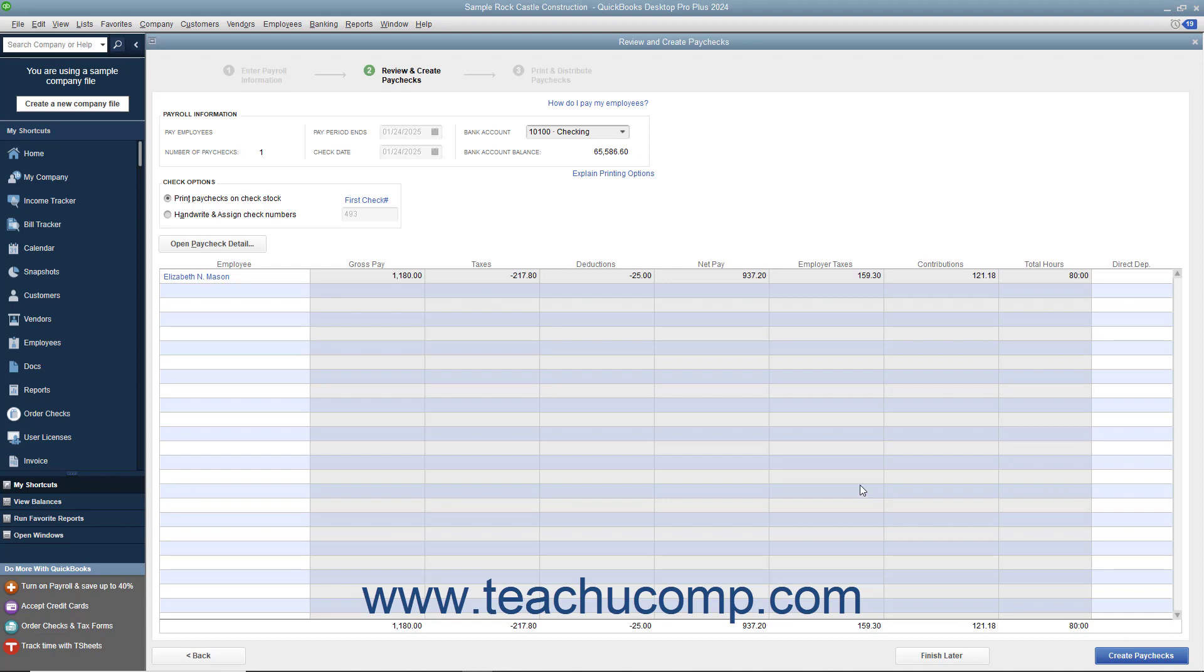In the next screen, select whether the check should be printed or assigned a check number in the Check Options section. Then click the hyperlinked name of the employee shown within the list to open the Preview Paycheck window, where you can review and edit the payroll information if needed.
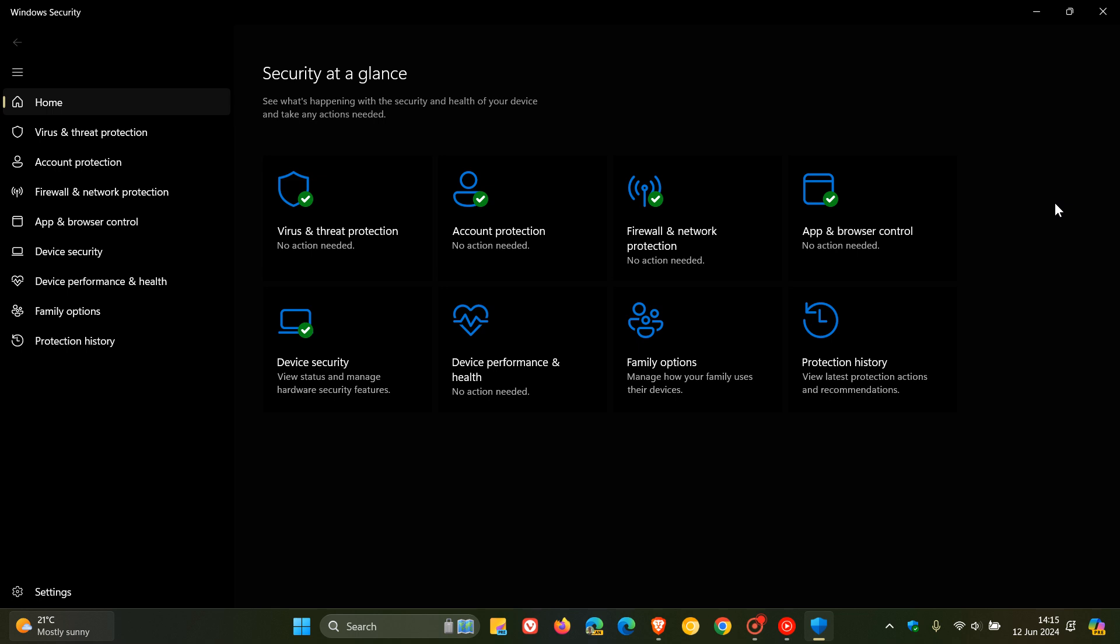Over and above the more frequent Defender updates, they're also going to include critical performance fixes that will improve the user experience. So Microsoft, I think with this, are moving in the right direction, closing that protection gap and also rolling out performance fixes.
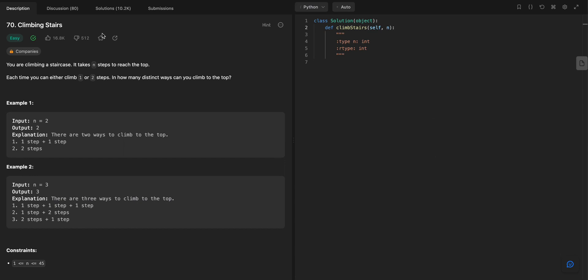This is a very common problem and a very interesting problem as well. So climbing stairs. If I'm climbing a staircase and there's n steps, I can do either one step or two steps at a time. How many different possible ways can I get to the top?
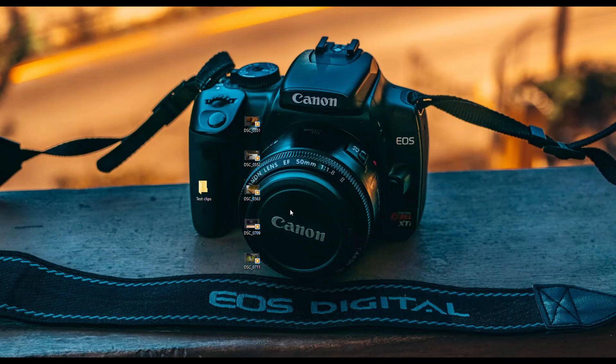Hey guys, this is Renoy and welcome back to the channel. Today I'm going to be doing a DaVinci Resolve tutorial.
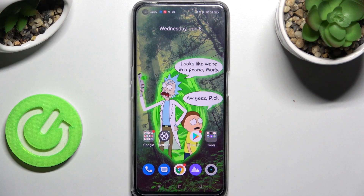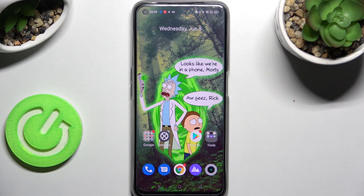Hi! In front of me is the Realme Narzo 50, and today I would like to show you how you can turn on or off easy mode on this Realme.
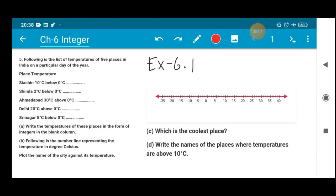Hello everyone, welcome back to the class. So we are doing exercise 6.1 question number 5 today. Question number 5 states that the following is the list of the temperature of 5 places in India on a particular day of the year, with the temperature mentioned there.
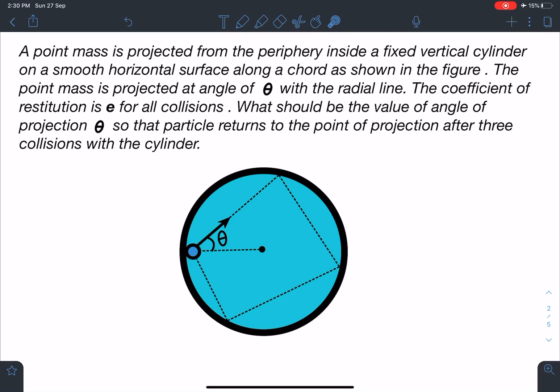Hello everyone, welcome to my channel Indian School of Physics. This is Nitin here, and today I have come up with a very interesting problem. This problem is easy, yet many people fail to solve it, so let's discuss it.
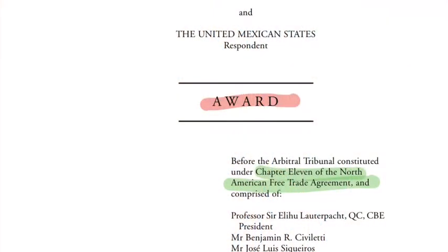As-salamu alaikum and hi everyone. This section will be discussing a case under international investment law and we will try to derive important principles from the case. Today's case is Metalclad, a United States corporation against Mexico. This dispute was brought before the arbitral tribunal constituted under Chapter 11, the investment chapter of the North American Free Trade Agreement, NAFTA.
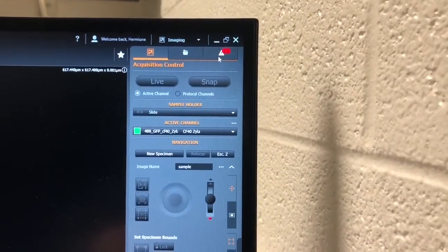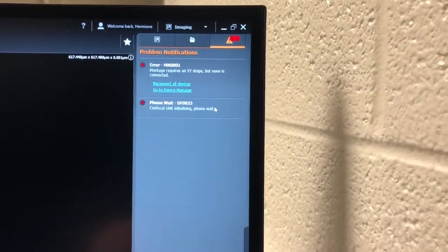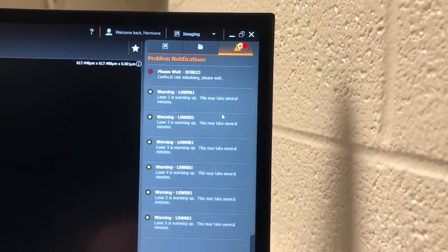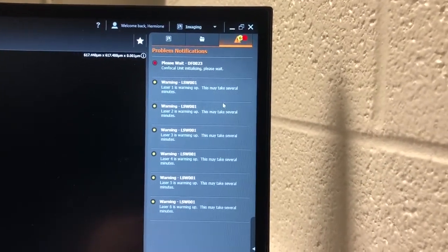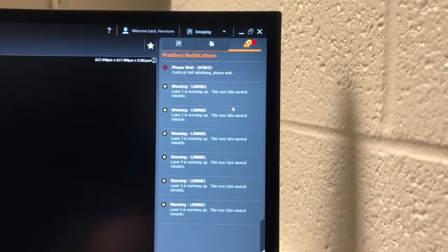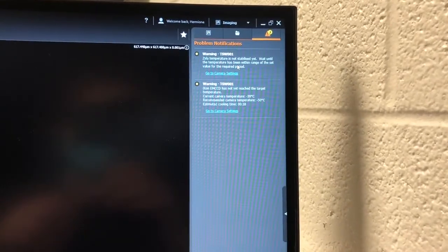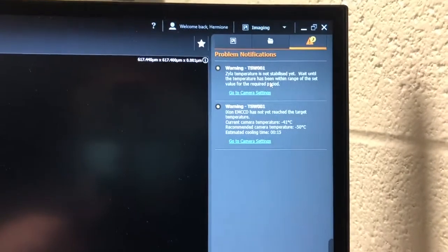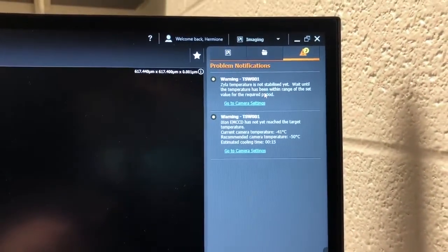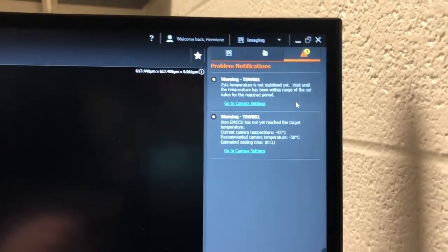The error messages will show up in this panel here. At the beginning there are messages describing how the software can't connect to various things, then laser warming messages, and then camera cooling messages — all of those are perfectly normal. Once the software has finished loading, the last messages that remain are about camera temperatures. You can ignore those and get started; while you work, the temperatures of both cameras will stabilize.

☆ ☆ ☆ ☆ ☆ ☆ ☆

| Description of the task |
Within the entries above, give again exactly the lines starting at the one that contains "Over and above" and ending at the one that contains "Hello everyone, welcome to", leaving out the pictures.

| Written reply |
Over and above the more frequent Defender updates, they're also going to include critical performance fixes that will improve the user experience. So Microsoft, I think with this, are moving in the right direction, closing that protection gap and also rolling out performance fixes.
This is a very common problem and a very interesting problem as well. So climbing stairs. If I'm climbing a staircase and there's n steps, I can do either one step or two steps at a time. How many different possible ways can I get to the top?
Hey guys, this is Renoy and welcome back to the channel. Today I'm going to be doing a DaVinci Resolve tutorial.
Hi! In front of me is the Realme Narzo 50, and today I would like to show you how you can turn on or off easy mode on this Realme.
Hello everyone, welcome back to the class. So we are doing exercise 6.1 question number 5 today. Question number 5 states that the following is the list of the temperature of 5 places in India on a particular day of the year, with the temperature mentioned there.
Hello everyone, welcome to my channel Indian School of Physics. This is Nitin here, and today I have come up with a very interesting problem. This problem is easy, yet many people fail to solve it, so let's discuss it.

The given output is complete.